- _ACTIVITY_: Please return exactly the lines from the one containing "#15cm인형 #15cm #솜인형" through the end of the records, including both.

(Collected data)
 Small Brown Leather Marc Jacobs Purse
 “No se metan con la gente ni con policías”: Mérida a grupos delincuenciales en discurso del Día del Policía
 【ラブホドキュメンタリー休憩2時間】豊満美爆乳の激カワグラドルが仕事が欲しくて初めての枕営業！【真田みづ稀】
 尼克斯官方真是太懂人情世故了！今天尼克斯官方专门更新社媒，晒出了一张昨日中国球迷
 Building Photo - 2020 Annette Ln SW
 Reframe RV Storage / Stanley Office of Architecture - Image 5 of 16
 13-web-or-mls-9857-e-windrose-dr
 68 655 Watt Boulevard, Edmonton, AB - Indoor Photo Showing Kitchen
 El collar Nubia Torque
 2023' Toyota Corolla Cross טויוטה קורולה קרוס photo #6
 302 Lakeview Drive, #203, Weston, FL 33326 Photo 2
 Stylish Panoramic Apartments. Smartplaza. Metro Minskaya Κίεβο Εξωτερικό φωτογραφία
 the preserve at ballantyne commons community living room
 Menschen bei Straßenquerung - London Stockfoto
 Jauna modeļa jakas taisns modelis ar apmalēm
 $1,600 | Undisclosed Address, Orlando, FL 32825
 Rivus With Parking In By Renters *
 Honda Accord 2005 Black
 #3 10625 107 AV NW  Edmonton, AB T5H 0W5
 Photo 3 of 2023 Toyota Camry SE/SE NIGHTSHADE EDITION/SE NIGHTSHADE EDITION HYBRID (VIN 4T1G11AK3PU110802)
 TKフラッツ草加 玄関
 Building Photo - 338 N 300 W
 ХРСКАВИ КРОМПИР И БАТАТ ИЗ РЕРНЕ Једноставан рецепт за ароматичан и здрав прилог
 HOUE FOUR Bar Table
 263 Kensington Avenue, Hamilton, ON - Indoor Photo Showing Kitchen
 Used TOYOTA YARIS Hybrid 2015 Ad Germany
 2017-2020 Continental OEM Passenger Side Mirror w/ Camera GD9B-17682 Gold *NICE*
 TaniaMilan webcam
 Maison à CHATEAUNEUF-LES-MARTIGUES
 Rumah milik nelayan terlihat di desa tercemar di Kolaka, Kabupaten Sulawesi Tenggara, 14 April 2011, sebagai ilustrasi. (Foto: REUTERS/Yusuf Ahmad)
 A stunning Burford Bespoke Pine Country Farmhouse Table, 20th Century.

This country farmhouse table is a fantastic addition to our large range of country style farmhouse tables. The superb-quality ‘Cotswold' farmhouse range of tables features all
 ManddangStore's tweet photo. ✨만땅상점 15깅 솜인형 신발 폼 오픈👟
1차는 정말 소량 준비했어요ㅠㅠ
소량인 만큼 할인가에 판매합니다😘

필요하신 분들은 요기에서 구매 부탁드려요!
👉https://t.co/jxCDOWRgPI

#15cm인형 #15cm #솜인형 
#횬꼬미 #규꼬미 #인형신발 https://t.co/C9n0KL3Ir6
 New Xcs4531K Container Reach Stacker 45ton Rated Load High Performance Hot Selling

- _OUTPUT OF THE EXERCISE_:
#15cm인형 #15cm #솜인형 
#횬꼬미 #규꼬미 #인형신발 https://t.co/C9n0KL3Ir6
 New Xcs4531K Container Reach Stacker 45ton Rated Load High Performance Hot Selling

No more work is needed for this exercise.